Posts Tagged ‘Vietnamese’

Ralf’s Vietnamese speech model

Friday, May 18th, 2012

Some words about the creation of this speech model:

1. Download Ralf’s Vietnamese dictionary 0.1.1.
2. New “Vietnamese” scenario. Import the dictionary as shadow dictionary.
3. Train 10 words:

ang, chùng, cuốn, gắm, hộp, khem, lếch, ngỗng, thoang, vung

4. Grammar Unknown. Dictation plugin. Synchronize. Activate. Dictate:

ang vung vung gm hp gm

There are specific letters missing. I tried to fix that by changing the keyboard layout. But it didn’t help.
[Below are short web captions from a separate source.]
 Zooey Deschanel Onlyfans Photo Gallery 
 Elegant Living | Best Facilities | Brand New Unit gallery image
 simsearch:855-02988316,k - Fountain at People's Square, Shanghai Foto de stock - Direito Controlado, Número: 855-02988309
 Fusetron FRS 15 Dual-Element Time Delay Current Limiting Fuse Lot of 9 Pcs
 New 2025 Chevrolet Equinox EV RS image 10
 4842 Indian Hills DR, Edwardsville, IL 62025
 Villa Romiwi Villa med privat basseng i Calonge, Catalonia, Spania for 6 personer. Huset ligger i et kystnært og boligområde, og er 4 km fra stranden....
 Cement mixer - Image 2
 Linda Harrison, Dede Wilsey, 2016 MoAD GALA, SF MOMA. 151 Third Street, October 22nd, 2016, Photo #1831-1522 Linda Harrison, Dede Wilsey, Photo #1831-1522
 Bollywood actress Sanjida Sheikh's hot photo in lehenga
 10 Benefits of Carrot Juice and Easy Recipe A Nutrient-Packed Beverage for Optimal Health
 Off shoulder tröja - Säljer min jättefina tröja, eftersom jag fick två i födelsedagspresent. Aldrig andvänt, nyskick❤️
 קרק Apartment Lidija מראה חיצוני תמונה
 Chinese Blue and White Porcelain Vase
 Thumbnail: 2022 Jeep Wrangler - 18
5. Get Ralf’s Vietnamese speech model.

̀

Ralf’s Vietnamese dictionary 0.1.1

Monday, May 24th, 2010

Let’s improve Ralf's Vietnamese dictionary:

1. Convert eSpeak phonemes into IPA phonemes:

$ cat '/media/5f6432a3-9a68-45ee-b4b7-11f3b009825a/home/am3msi/Documents/200911/vietnamese/dictionaries/vietnamese-dictionary.xml.bz2' | bunzip2 -k | saxonb-xslt -ext:on -s:- -xsl:'/home/ubuntu/Documents/201005/dict-phonemes-espeak2ipa/espeak2ipa.xsl'

2. Download Ralf's Vietnamese dictionary, and import it into simon.

Vietnamese Hanoi dictionary (HTK)

Friday, December 11th, 2009

I just imported a Vietnamese Northern (Hanoi) dialect dictionary. You can download the dictionary. I imported it as HTK lexicon. This is the result:

vietnamese-htk

It looks fine. Here is a small excerpt:

mà [mà] m aa2
má [má] m aa3
mả [mả] m aa4
mã [mã] m aa5
mạ [mạ] m aa6
ma [ma] m aa7

If you speak the Vietnamese language, you should get the concept. The different a-vowels are different phonemes (aa2, aa3, aa4, aa5, aa6, aa7). This approach should be OK.

It would be nice if a native speaker would try to record a few Vietnamese words with simon:

record-vietnamese

It would be interesting to know whether it works since Vietnamese is completely different from English. I recommend that you try to record 10 different Vietnamese words with simon (each word 8 times).

Ralf’s Vietnamese dictionary

Sunday, November 15th, 2009

You can import Ralf's Vietnamese dictionary (version 0.1; GPLv3) into simon. The dictionary contains about 6.000 words; training is not possible. The phoneme elements contain eSpeak phonemes (not IPA phonemes).